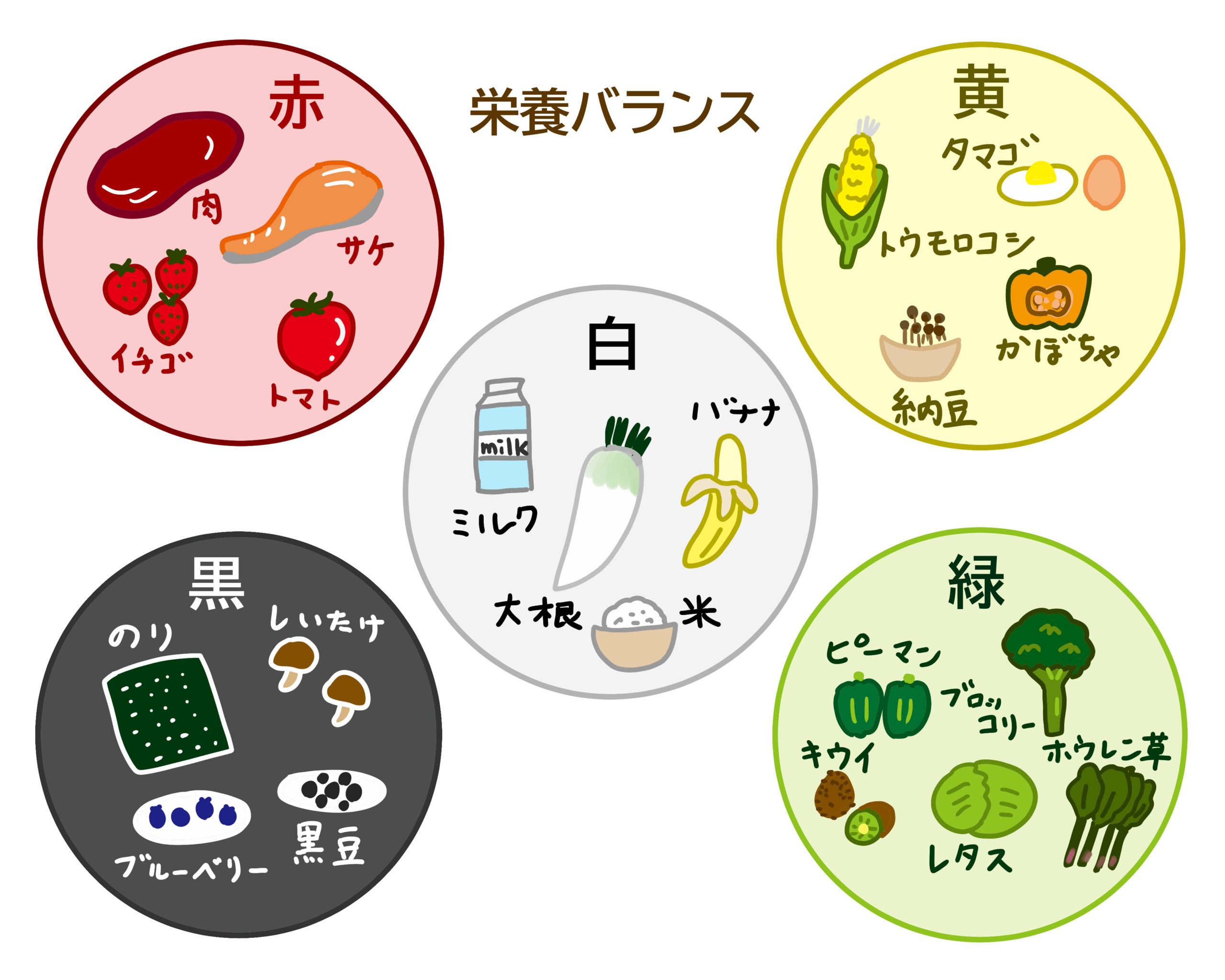 栄養素はチームプレーヤー、母は監督！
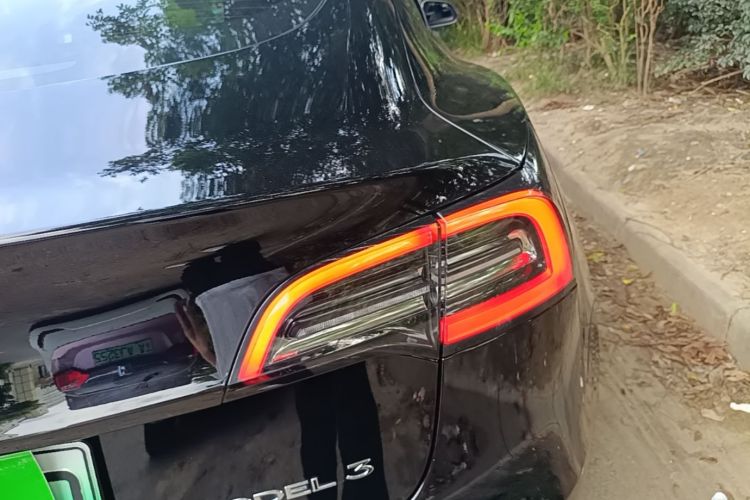 Tesla Model 3 2021 #8 Tesla Model 3 2021 car image #8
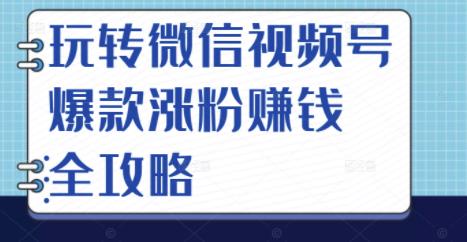 玩转微信视频号爆款涨粉赚钱全攻略，让你快速抓住流量风口，收获红利财富-木石资源网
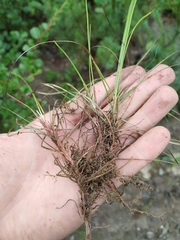 Carex vanheurckii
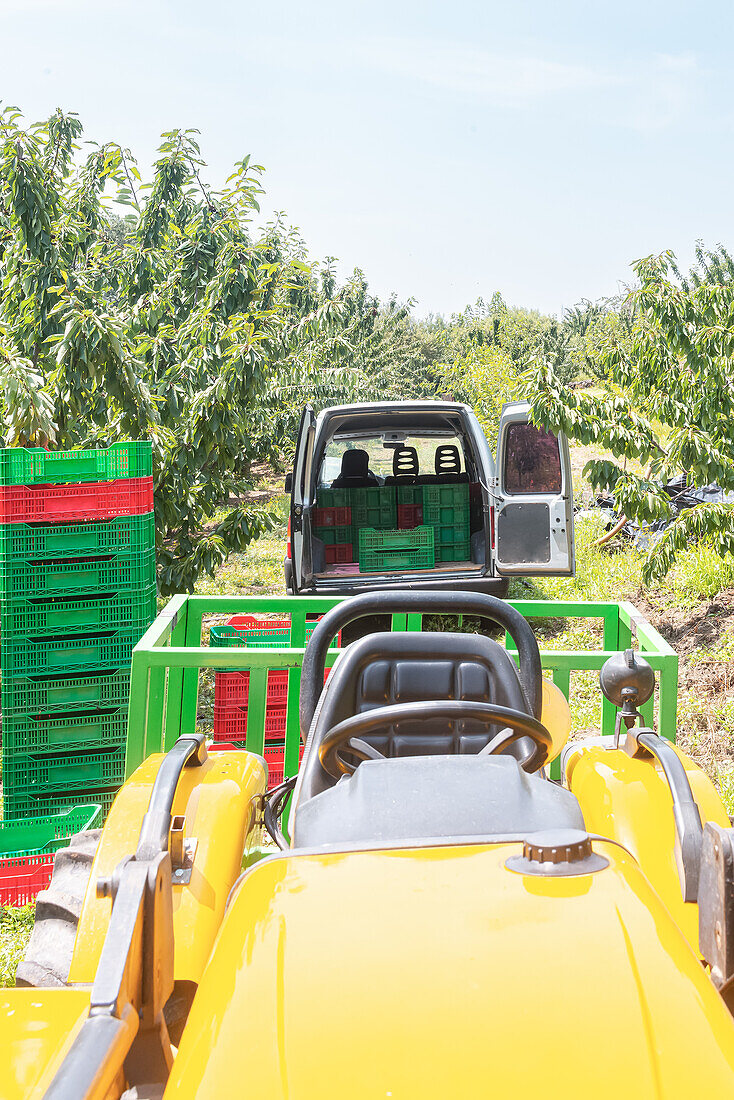 Gelber Traktor und Lieferwagen parken in der Nähe von Kistenstapeln im Garten während der Ernte von reifen frischen Kirschen an einem sonnigen Tag auf dem Lande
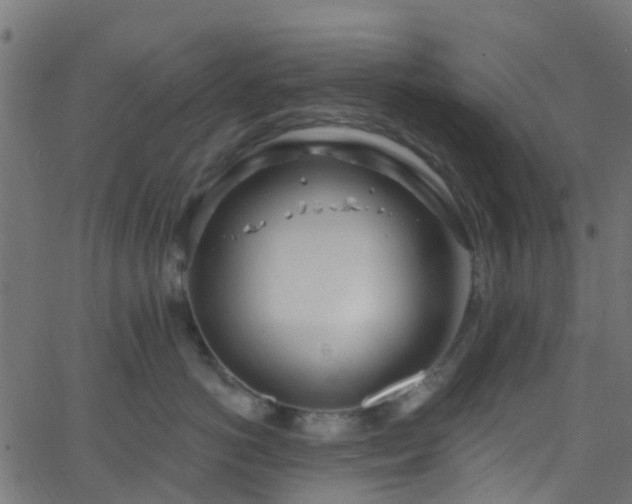 X0000068770766200605011027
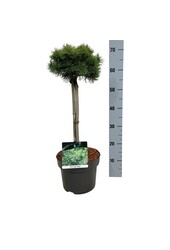 Pin Pinus mugo Mops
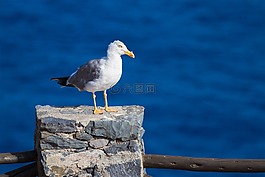 動(dòng)物,鳥,海鷗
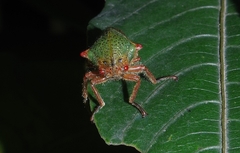 Metcalfiella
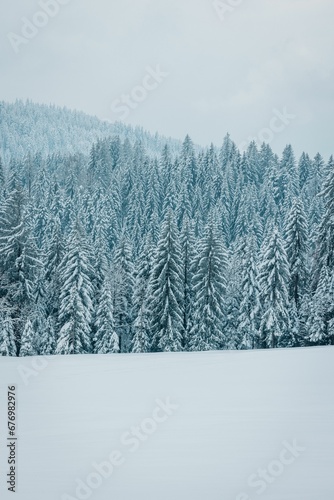 Vertical shot of frozen trees covered in snow in snowy white mountains under a cloudy sky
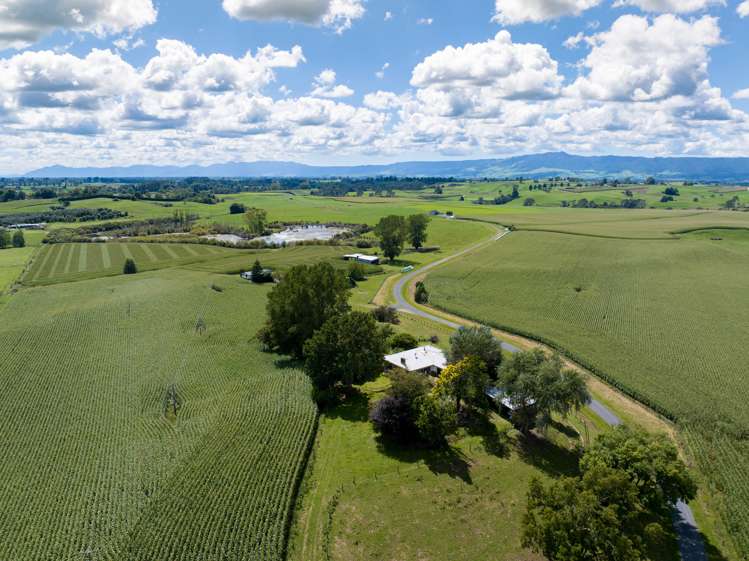 246 Lake Road Hauraki Surrounds_6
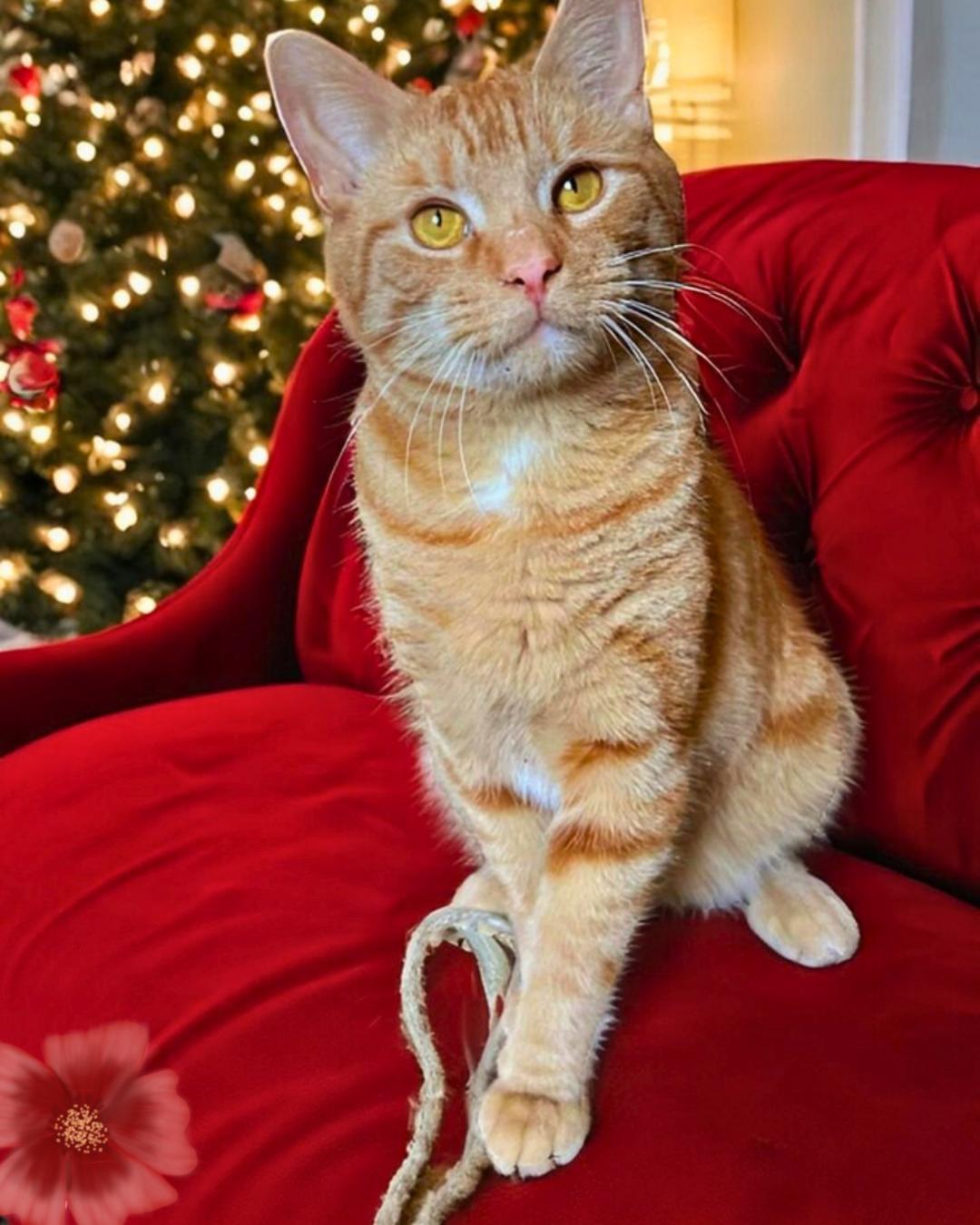 Tango, a Adoptable Domestic Short Hair in Brooklyn, NY image 1/6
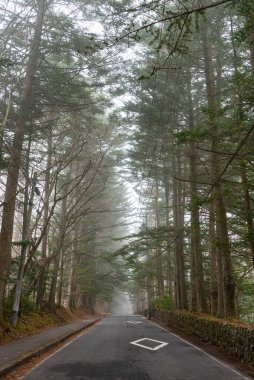 Karuizawa bahar manzara sokak görünümü, sisli bir günde yol etrafında dev ağaçlar. Ünlü turistik. Karuizawa, Nagano Prefecture, Japonya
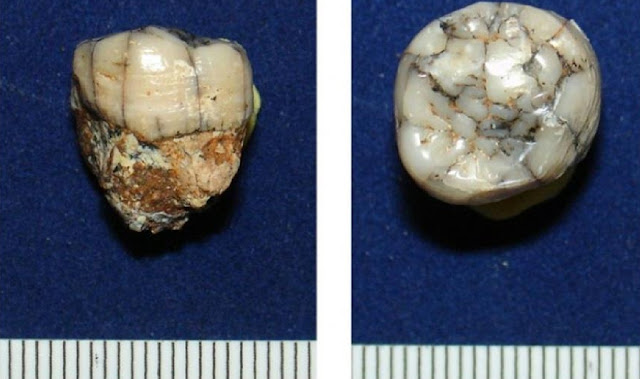 Исследованный зуб гигантопитека из Таиланда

════════════════

Please write out the material from the line containing "Tesla Model 3 2021 #8" to its final line, both inclusive, exactly as it appears; pictures are not part of the copy.

Response area
 Tesla Model 3 2021 #8 Tesla Model 3 2021 car image #8
 玩转微信视频号爆款涨粉赚钱全攻略，让你快速抓住流量风口，收获红利财富-木石资源网
 Carex vanheurckii
 Gelber Traktor und Lieferwagen parken in der Nähe von Kistenstapeln im Garten während der Ernte von reifen frischen Kirschen an einem sonnigen Tag auf dem Lande
 X0000068770766200605011027
 Pin Pinus mugo Mops
 動(dòng)物,鳥,海鷗
 Metcalfiella
 Vertical shot of frozen trees covered in snow in snowy white mountains under a cloudy sky
 246 Lake Road Hauraki Surrounds_6
 Tango, a Adoptable Domestic Short Hair in Brooklyn, NY image 1/6
 Karuizawa bahar manzara sokak görünümü, sisli bir günde yol etrafında dev ağaçlar. Ünlü turistik. Karuizawa, Nagano Prefecture, Japonya
 Исследованный зуб гигантопитека из Таиланда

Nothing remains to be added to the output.